441 East Fordham Road


Maurice J. Power
Archbishop John Hughes
installed 1891
bronze sculpture
Private funding
Samuel James Kitson
Orestes Augustus Brownson
Memorial,
1910
granite and bronze, 9' x 8' x 6'
Bronx City of New York Parks and Recreation

 

Fordham University was founded in 1841 as St. John's College by the Right Reverend John Hughes, later to become the city's first Roman Catholic archbishop. Its first president, Right Reverend John McClosky, became the nation's first cardinal. The Jesuits bought the college in 1846. St. John's College was reestablished as a university in 1907, and became Fordham University.

Most of its greystone collegiate gothic buildings were designed by architect Emile G. Perrot between 1911 and 1930. Of particular interest is the early Rose Hill Manor House of rough-stone in the country Greek Revival style built in 1838.

Two literary tales relate to the campus. It is said that the university's 98 acres were the setting for James Fenimore Cooper's novel The Spy and that the bell,"Old Edgar," in University Church was the inspiration for Poe's poem The Bells.

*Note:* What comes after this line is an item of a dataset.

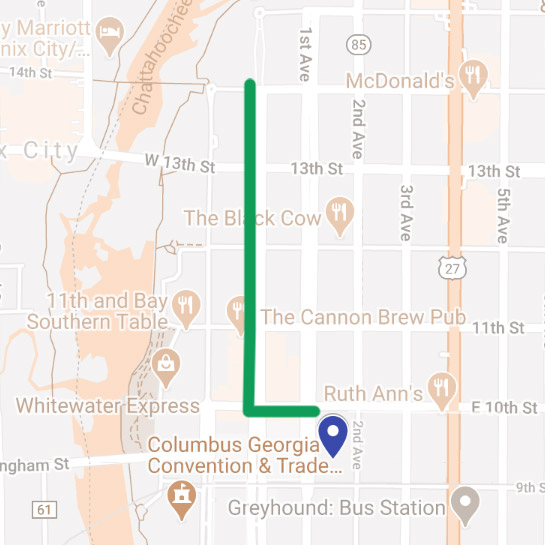 <h5>TSYS Campus</h5>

The year 1891 marked the university's 50th anniversary and its first commissioned sculpture. On the campus of Fordham University at Fordham Road and Third Avenue stands the bronze figure of the university's founder, John Hughes designed by Irish born sculptor and foundry owner, Maurice J. Power (1838-1902).

On the Fordham University campus where commencement exercises were first held, is a colossal bronze bust atop a high granite pedestal of Orestes A. Brownson (1803-1876). The bust was completed in 1899 by Samuel J. Kitson.Brownson is best known today as a New England transcendentalist and friend of Ralph Waldo Emerson and Henry David Thoreau.

Brownson was a Presbyterian preacher and subsequently became a Universalist Minister, a Unitarian Minister, the pastor of his own religious organization, the Society for Christian Union and Progress, and in 1844 he converted to Catholicism. He was an active writer on society, politics, science and philosophy and a Democratic party leader. In recognition of his outspoken defense of American Catholicism, he was awarded Fordham's first honorary degree. In 1856 he was rebuked by Reverend Hughes for his socialist views expressed in a commencement address.

The bust was commissioned by the Catholic Club of New York in the late 1890s for its building on Central Park South. When the building was demolished 10 years later it was moved to Riverside Drive and 104th Street. In the 1930s it was overturned by vandals and put into storage. In 1941 Father Gannon, the president of Fordham who had been present at the 2nd unveiling of the bust and whose father had been president of the Catholic Club, petitioned the Parks Department for its placement on the campus. Today, the bust portrait is still safely installed at Fordham University atop a high granite pedestal.